小説 川崎サイト



千代の散歩

川崎ゆきお



 へたりこんでいる老婆がいる。
 市街地での話だ。
 これが農村なら休憩している姿も絵になるが、町中では背景が悪い。
 野村千代は家までの道で止まってしまった。狭い裏道なので、車一台がギリギリ通れる幅しかない。したがって道端で腰を下ろすわけにはいかないので、マンションの階段に座り込んだ。
 時間はまだ早いが冬の陽は短い。夕食前の時間帯なのだが、もう町は暗い。
 千代はじっと座ったまま体力の回復を待った。空腹で腹に力が入らない。このまま立てないのではないかと心配になる。
 嫁が夕食を作って待ってるはずだ。いつまでも座り込んでいるわけにはいかない。
 通りがかった人が驚いたような顔をする。階段に見かけない物体がくっついており、よく見ると人間が座っているので、驚くのだろうか。
 千代は頑張って立ち上がった。ぐずぐずしていると、もう一人で散歩に出してくれなくなる。
 千代は歩きだした。
 すると、ガレージに座っている人が見える。まだ車は戻って来ていない。
「梅子はんか?」
「あ、千代さん」
「あんたもか?」
「そうでんがな、もう歩けまへんねん」
「はあ、はあ、お互いはん。

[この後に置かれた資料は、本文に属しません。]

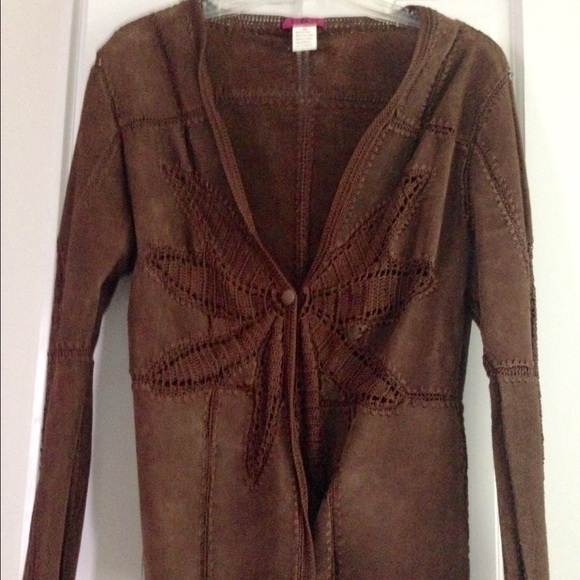 Brown suede jacket - Picture 3 of 3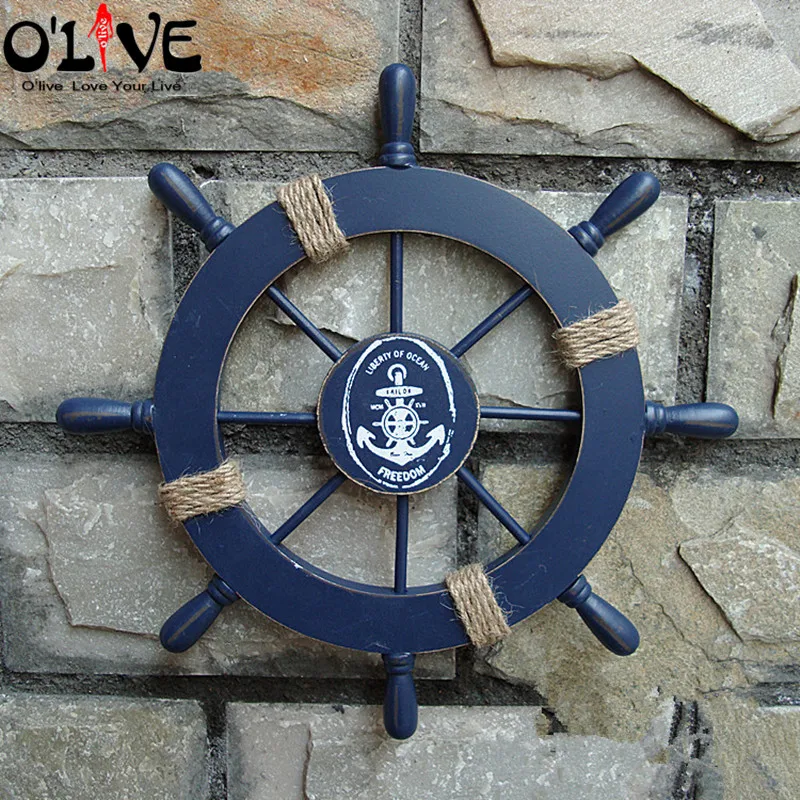 Wooden Wall Boat Ship Wheel Helm Mediterranean Nautical Home Party Decoration 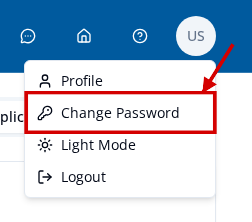 Signed-in VAT Stamp menu with a red box and arrow identifying Change Password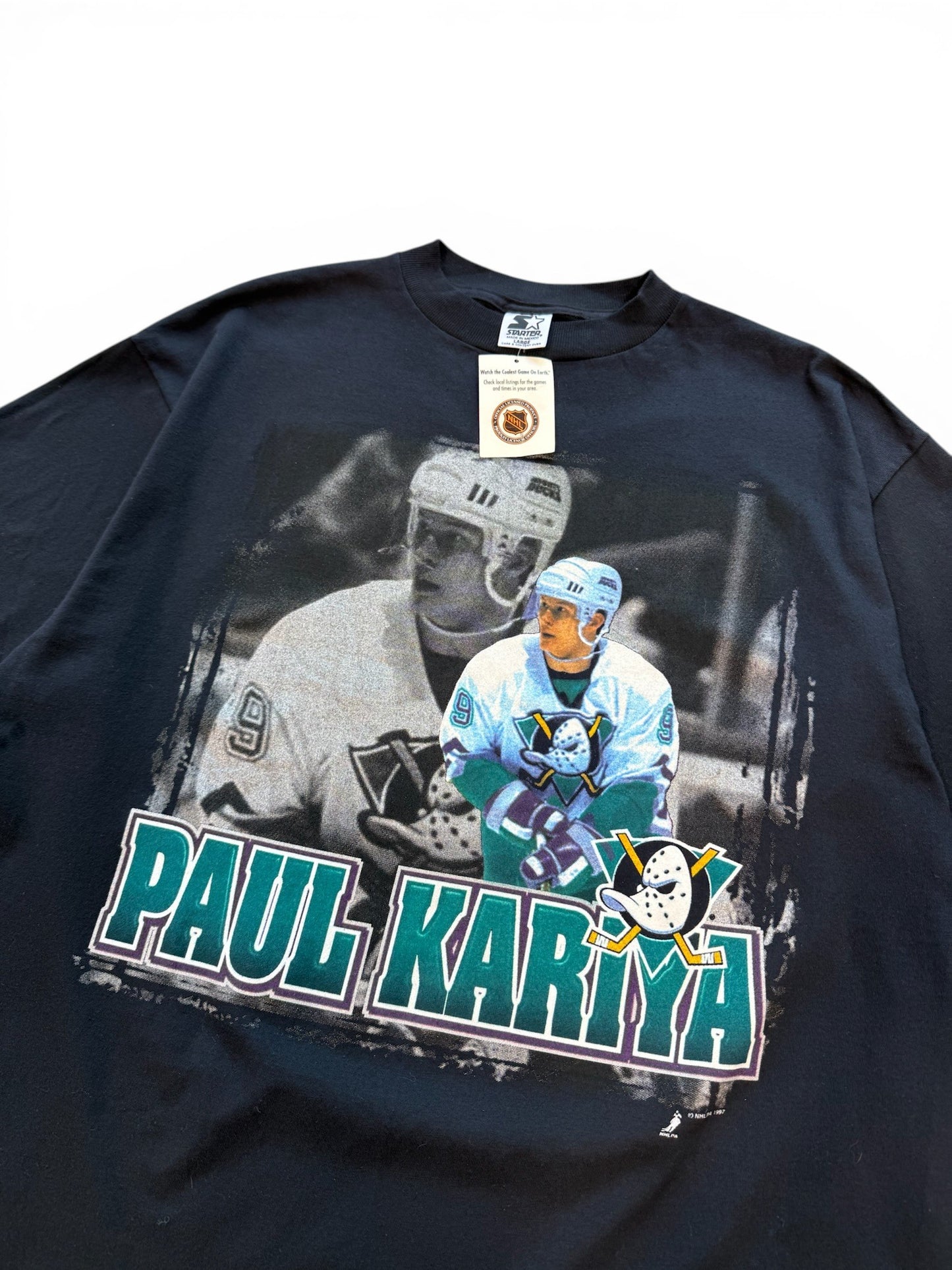 (L) Vintage 1997 Mighty Ducks Paul Kariya Starter T-Shirt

わても、そこの階段で、さっきまで」
「そうでっか、辛いこって」
「ああ、辛い辛い」
「立てまっか、梅子はん」
「さっき立とうとしたら、立ち眩みしましてなあ」
「梅子はんは目眩持ちやからなあ」
「そうでんがな、わて、もう怖うて怖うて」
「わては、膝があきまへんねん」
「よう言うは、しゃきしゃき歩いてはるやないか」
 千代は梅子を支えながら立たせた。
「車が入って来たら、ひかれますからな。ここは危ない」
 二人はとぼとぼ歩きだした。
 その後ろから車が来ていた。二人は気付かない。自家用車の婦人が我慢の限界に来たのか、クラクションを短く鳴らした。
 その音で千代の膝がガクンとなり、バタンと倒れた。